When my parents arrived a week after delivery, things started changing slowly. I was still going through “baby blues” which really became apparent to me when all I wanted to do was pass off my baby to be held by someone else. I remember one outing with my mom being half a day, and she asked me if I felt mom guilt for being away from my baby for so long. I remember saying I probably should feel guilty, but no! As my parents helped and I was able to take the time I needed to rest and recover, things improved. Our baby also improved as he was more content with each feeding, and sleeping better. He didn’t cry every time I held him, and I felt we were bonding more.

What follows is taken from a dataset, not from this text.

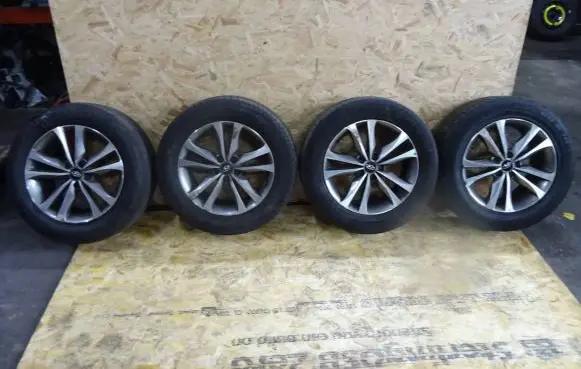 Hyundai Santa Fe R18 alloy rim 52910-2W285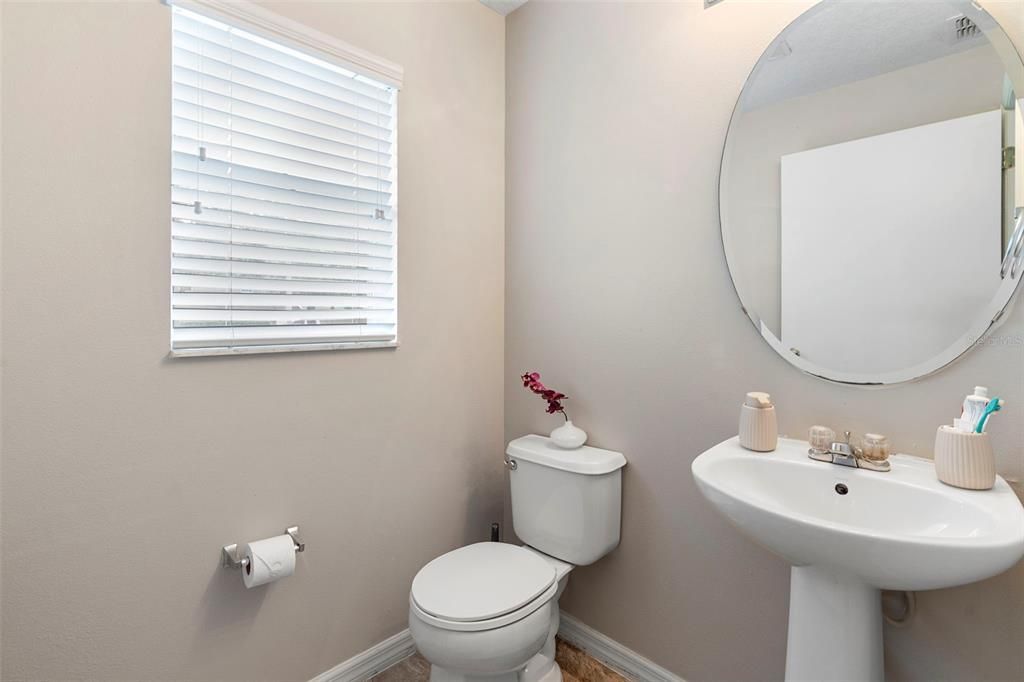 Active With Contract: $350,000 (3 beds, 2 baths, 1671 Square Feet)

Now, after 7 weeks, our little bundle is happy, healthy, and growing. There are still days when I wish I was nursing, but honestly it’s bittersweet. I miss the closeness of those first few days, especially at the hospital when he relied on me for every ounce of nutrition. But now, I can be away for hours at a time if I need to, and someone else can feed my child. It allows me a freedom I didn’t expect, but have come to appreciate.
As David has developed, so has my love for him. Those first weeks were incredibly hard, but with each day, I have a little more confidence, and we gain a little more traction with his habits. He is awake and alert much more these days, and has started recognizing my voice and greets me with smiles when he’s focused on my face. It’s an incredibly sweet and precious time, although we still have our rough patches. We’re still learning how to soothe him and interpret different cries. I’m still reading a ton of “how-to advice” through books, articles and blogs and trying to balance that with just reading my baby. Sometimes I try to go by the book, other times I try to watch for cues from him. Most days we just wing it.

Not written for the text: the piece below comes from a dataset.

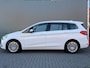 BMW 2-Serie Gran Tourer BWJ 2015 216d 116 PK Corporate Lease Luxury AUTOMAAT | VOL LEDER | CRUISE | NAVI | CLIMA | BLUETOOTH | PDC | 7 PERS VOORBEREIDING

I’m definitely not the poster mom for Baby Wise, or What to Expect, or Baby Center, but I’m beginning to relax and realize that our baby is content, he’s developing, he’s progressing, and most importantly he’s loved. I know each stage comes with unique challenges, and I’ll try to be prepared for those as much as I can. But I’m recognizing that while difficult stages sometimes last for days or even weeks, if I just focus on getting through one day at a time, I can manage this. I can do this.
It’s incredibly hard being so far from family, friends, and a good support system with an infant. Most days are very lonely and long. Letting myself grieve the loss of support and help we feel has been hard, but good to go through. In a way it’s forced me to realize how capable I am and have to be for our baby. I have to be his advocate here. There’s a lot we don’t yet know in Spain, how to do this, where to go for this, in terms of our baby’s care. And we have to navigate it all through a second language. It’s daunting, but as I look back, I can see all we have accomplished and be proud of that.
Our baby boy is alive and well, and by the grace of God, so are we.